++++ AVAILABLE DATA ++++

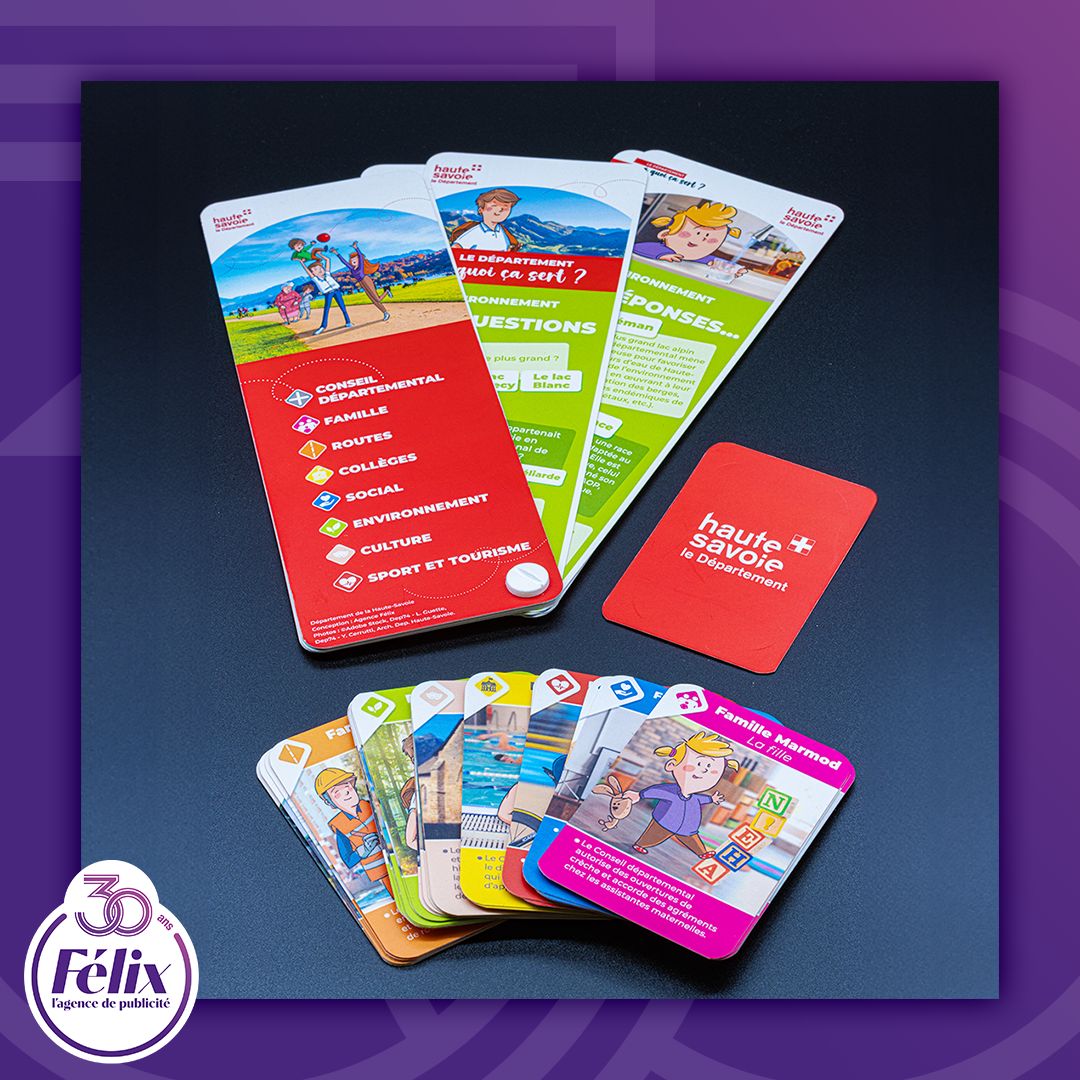À quoi sert le <a href="/Dep_74/">Département de la Haute-Savoie</a> ? Pour y répondre de manière ludique, nous avons réalisé un jeu des 7 familles &amp; un jeu des incollables.

Le détail des messages est disponible sur une plateforme également réalisée par l'<a href="/agencefelix/">Agence Félix</a> : a-quoi-sert-le-departement.fr

#byFélix #collectivités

++++

TASK DIRECTIONS -
Retype all the data exactly; skip the pictures.

RESPONSE -
À quoi sert le <a href="/Dep_74/">Département de la Haute-Savoie</a> ? Pour y répondre de manière ludique, nous avons réalisé un jeu des 7 familles &amp; un jeu des incollables.

Le détail des messages est disponible sur une plateforme également réalisée par l'<a href="/agencefelix/">Agence Félix</a> : a-quoi-sert-le-departement.fr

#byFélix #collectivités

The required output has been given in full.